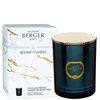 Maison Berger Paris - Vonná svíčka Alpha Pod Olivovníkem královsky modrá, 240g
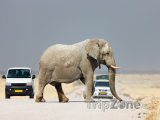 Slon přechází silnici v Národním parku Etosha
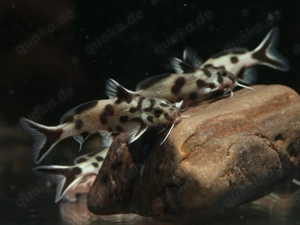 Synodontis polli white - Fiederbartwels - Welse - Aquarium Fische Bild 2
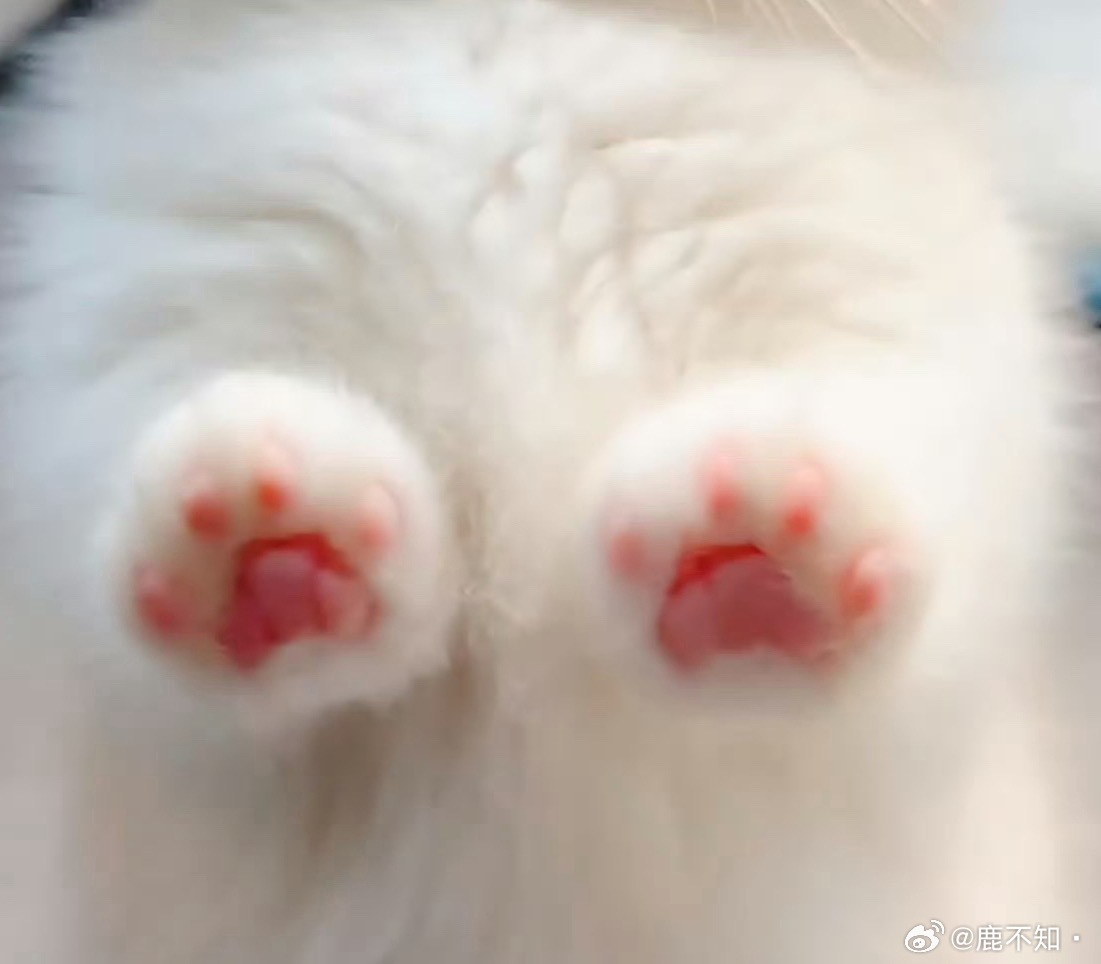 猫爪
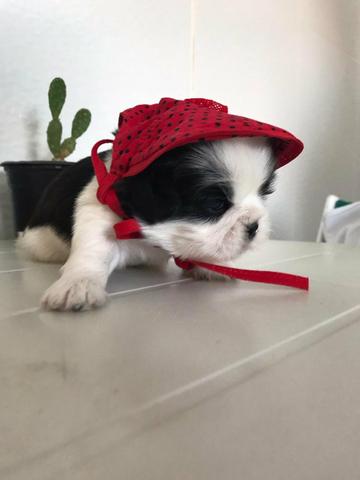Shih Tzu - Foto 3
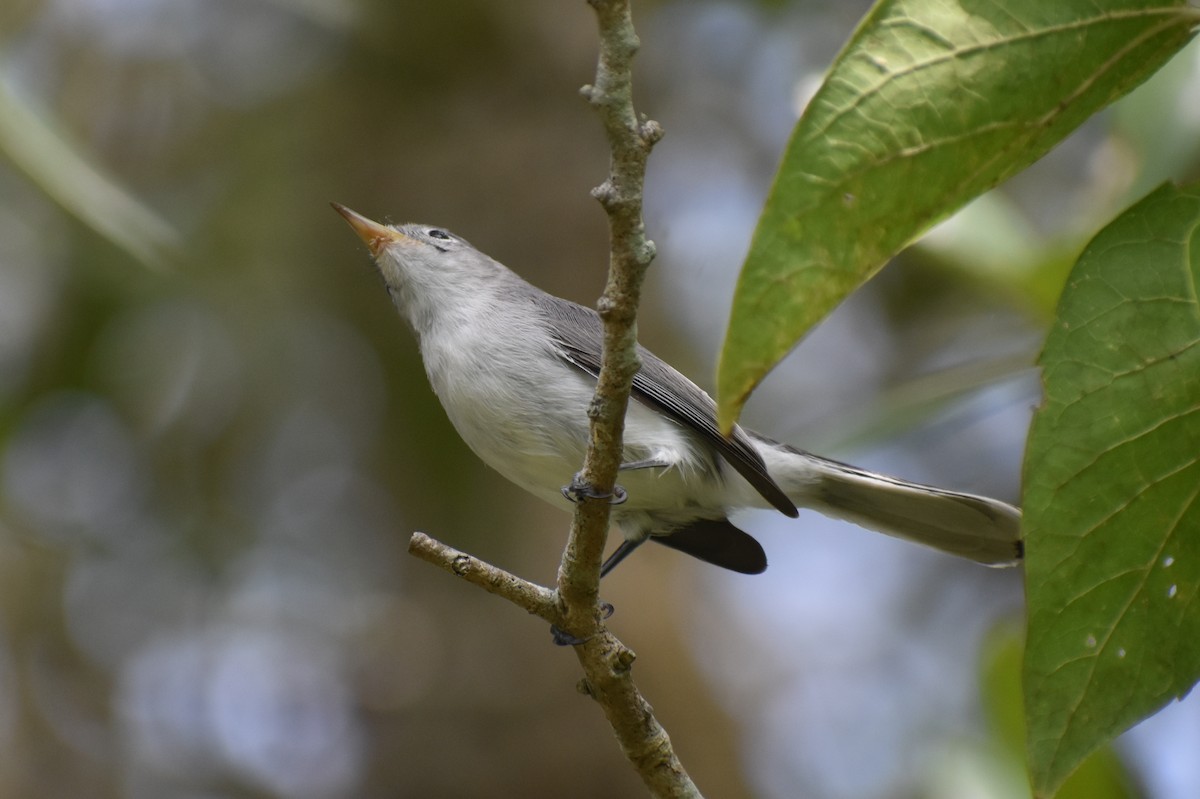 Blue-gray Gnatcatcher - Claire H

☆ ☆ ☆ ☆ ☆ ☆ ☆

◆ **WHAT NEEDS TO BE DONE**: Print the material above verbatim except the pictures.

◆ **WRITTEN SOLUTION**:
 Maison Berger Paris - Vonná svíčka Alpha Pod Olivovníkem královsky modrá, 240g
 Slon přechází silnici v Národním parku Etosha
 Synodontis polli white - Fiederbartwels - Welse - Aquarium Fische Bild 2
 猫爪
Shih Tzu - Foto 3
 Blue-gray Gnatcatcher - Claire H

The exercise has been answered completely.